Employee Stock Purchase Programs (ESPP)
TRICKS OF THE TRADE
Why Do Companies Offer Employee Stock Purchase Programs?
Prepared by Michael Menninger, CFP
Many companies offer their employees the benefit of purchasing company stock at a discount through a payroll deduction, which is called an Employee Stock Purchase Program (ESPP). While not required to be, these are typically found in larger public corporations that have more resources to offer this type of benefit to its employees. Generally speaking, the company wants to encourage their employees to buy company stock, as it believes that the employee is more likely to perform better at their job if / when they own company stock.
How Do Employee Stock Purchase Programs Work?
Here’s how employee stock purchase programs work: When you “sign up”, you coordinate with payroll to deduct a certain percentage (many companies limit it to 10%) of your pay from each paycheck. That money is typically held by the company in a separate account until the end of the period (usually the end of a calendar quarter, but I’ve also seen every 6 months). After that period has been reached, the company then uses that money to purchase shares of stock usually at a discounted price.
The most common discount I have seen is 15%, which means that if the share price is normally at $100 per share, you get to purchase the stock at $85 per share. I have also seen the company provide a 15% discount to the LOWER of the share price at the beginning and end of the time period, so if the stock rose from $80 per share to $100 per share during that time period, you are purchasing it at a 15% discount off $80 per share (or at $68 per share), while the stock price is $100 per share.

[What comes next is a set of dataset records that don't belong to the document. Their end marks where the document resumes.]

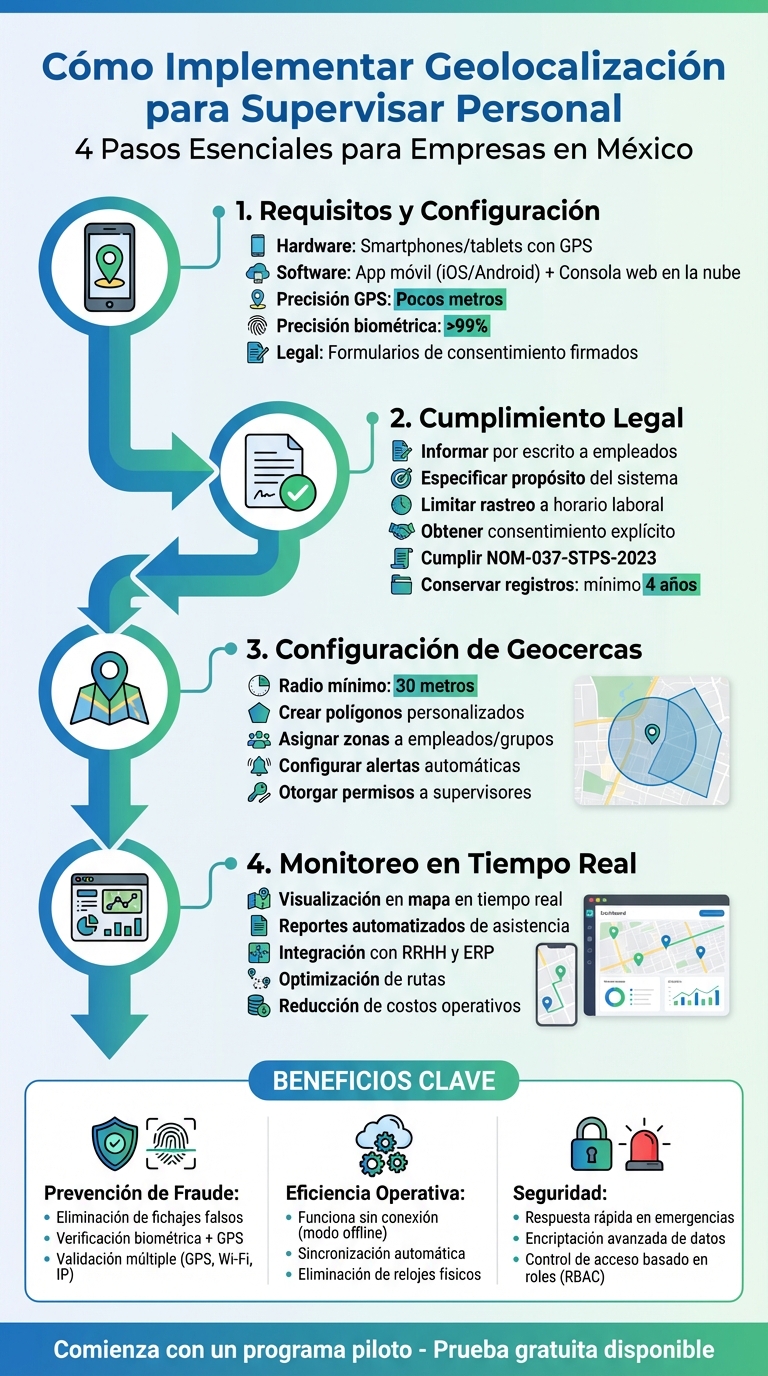 Proceso de Implementación de Sistema de Geolocalización para Supervisión de Personal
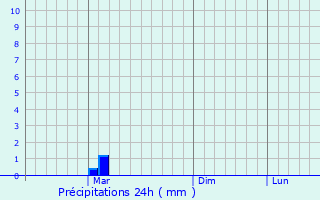 Graphique des précipitations prvues pour Jhinjhana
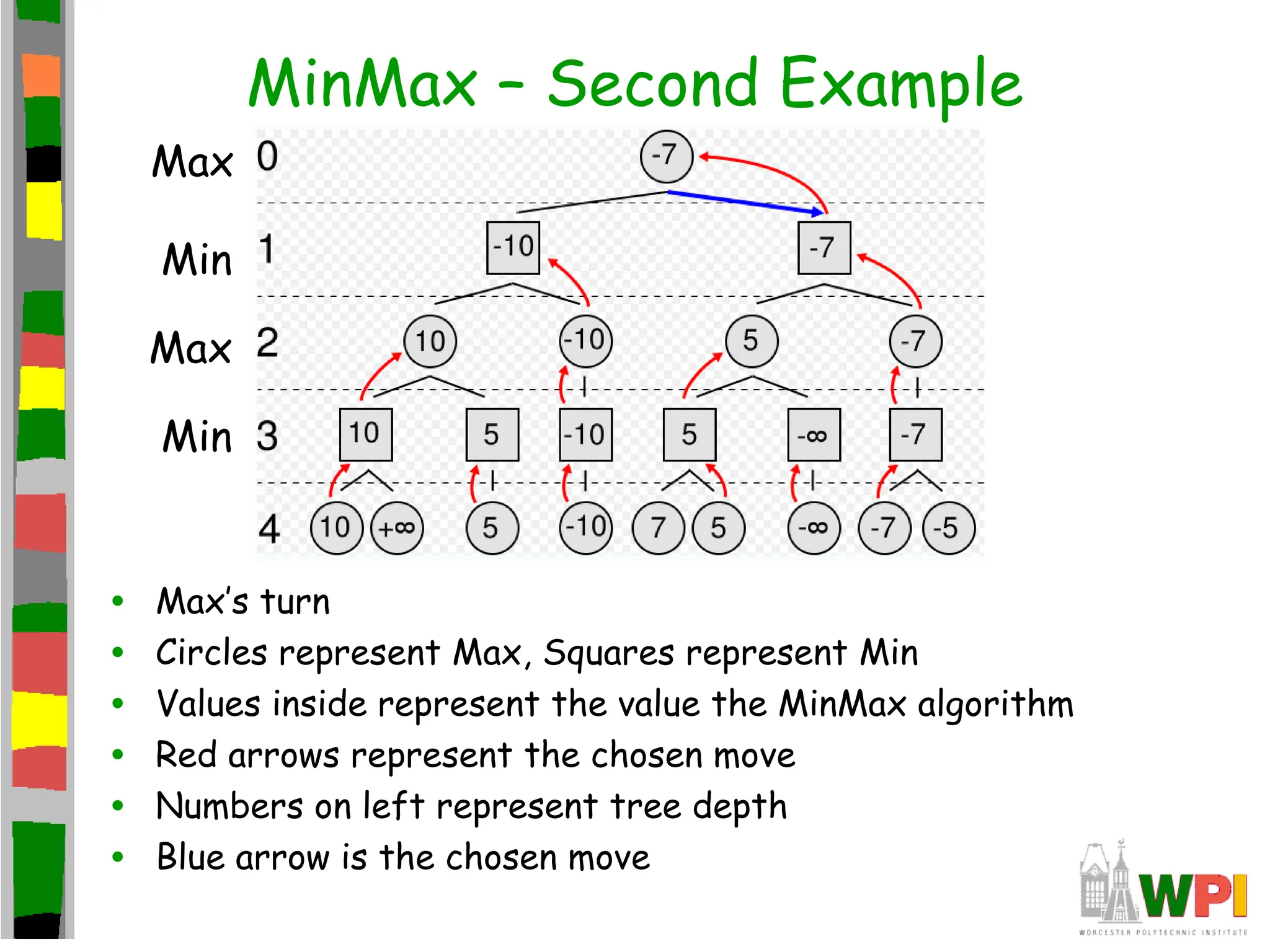 MinMax – Second Example
• Max’s turn
• Circles represent Max, Squares represent Min
• Values inside represent the value the MinMax algorithm
• Red arrows represent the chosen move
• Numbers on left represent tree depth
• Blue arrow is the chosen move
Min
Min
Max
Max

In some cases, the company may require you to hold the stock for one year in order to capitalize on the discount. This only hurts those individuals who may not be able to afford the payroll deduction. In those cases, we look for ways to “borrow” the money in the first year, and then simply sell the stock after each year’s time period has passed, and use those proceeds to fund the purchase of stock in the following time periods.

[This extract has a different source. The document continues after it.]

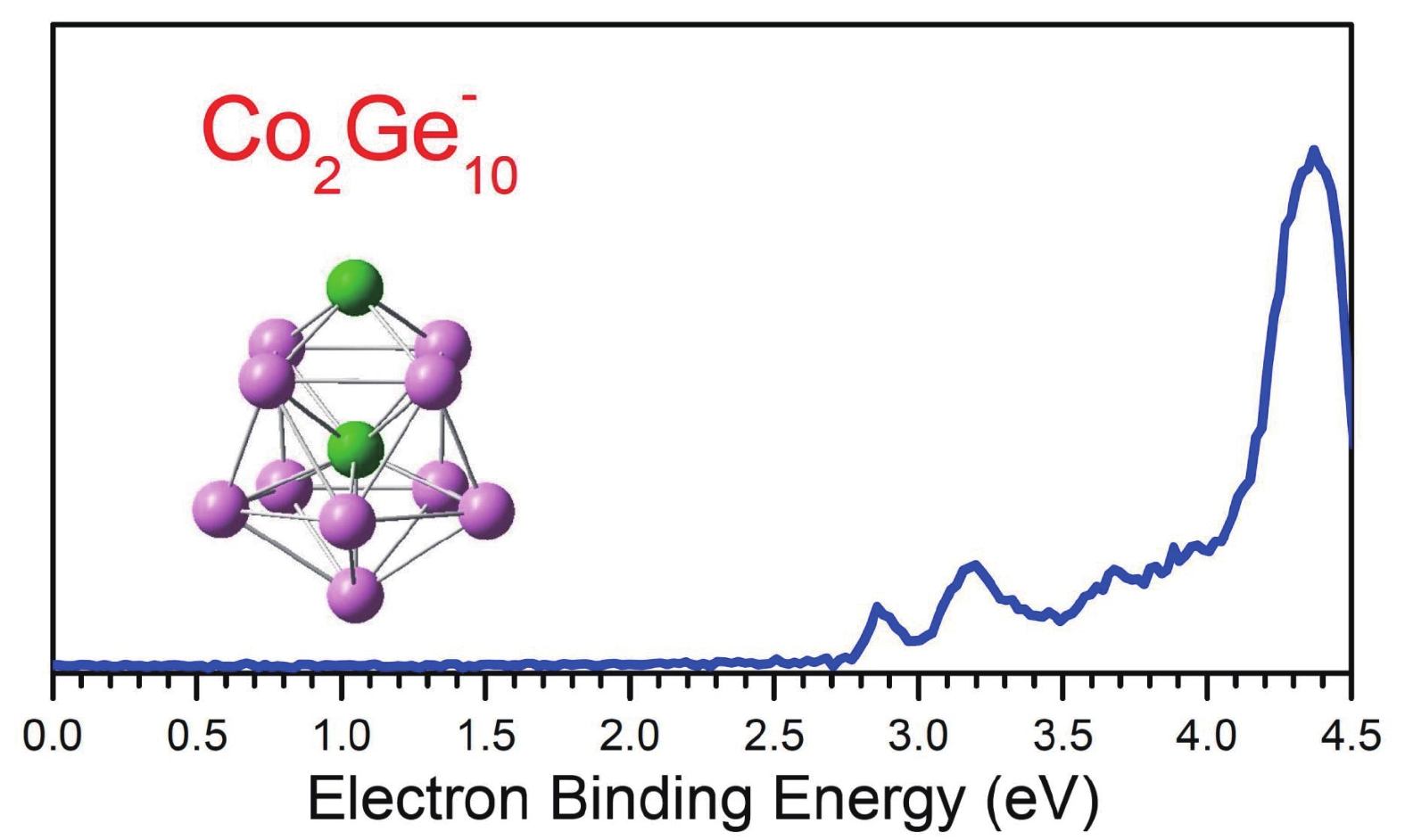 Chinese Journal of Chemical Physics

What Happens to My ESPP If I Quit?
If you leave your company while enrolled in their employee stock purchase program, your eligibility for the plan ends, but you will continue to own the stock the company purchased for you during employment. The company will no longer purchase shares on your behalf after your termination date.

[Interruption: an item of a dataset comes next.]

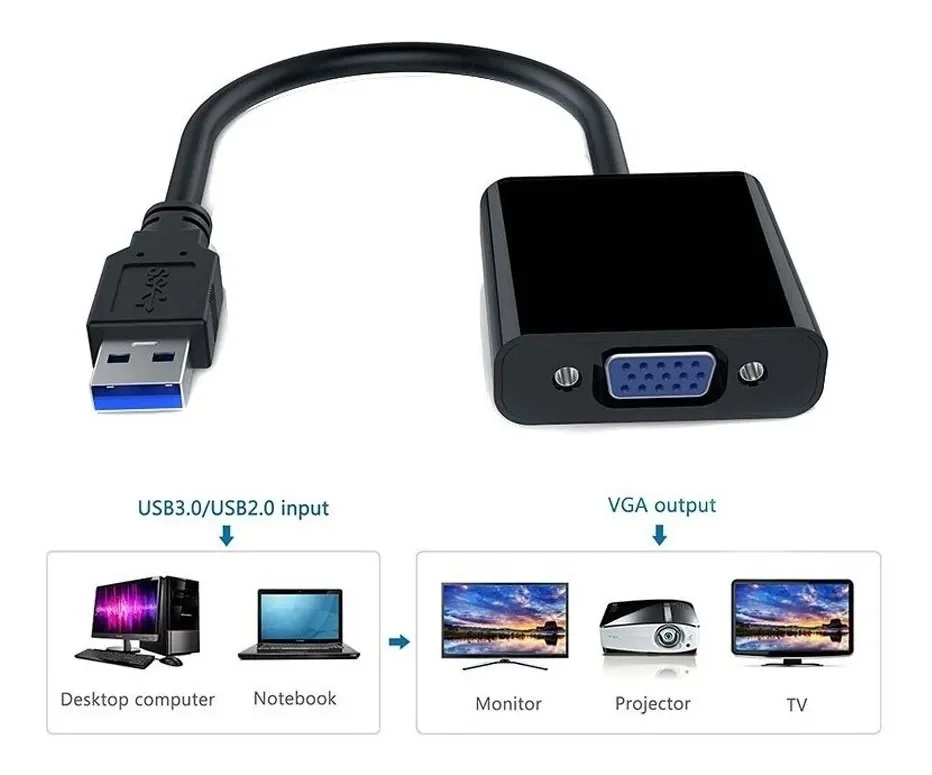 Imagem 3 de 4 do produto Cabo Adaptador Knup USB 3.0, Para VGA Fêmea - Kp-ad006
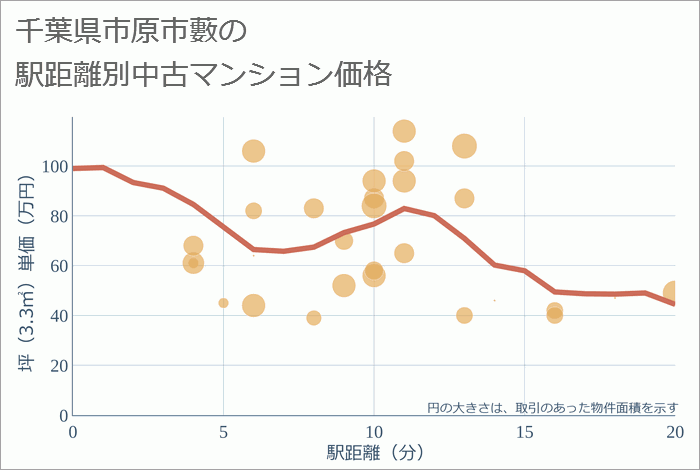 千葉県市原市藪の徒歩距離別の中古マンション坪単価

Any deductions the company made from your pay that have not yet been used to purchase company stock will be returned to you within a reasonable period. Under some plans tax-qualified under IRC Section 423, the company can keep any pre-termination payroll deductions and use those to purchase shares on your behalf no more than three months after your termination date (the period is extended to 12 months for those on disability).
However, this is not common, as these plans are built to benefit current employees, not former employees.
As you can see, utilizing the ESPP is a terrific way to purchase stock at a discount, and also creates another way in which you could create an extra savings program. Since this is an after-tax program, there are no tax penalties for withdrawing the money, and the stock owner would only be subject to capital gains tax on the stock when sold.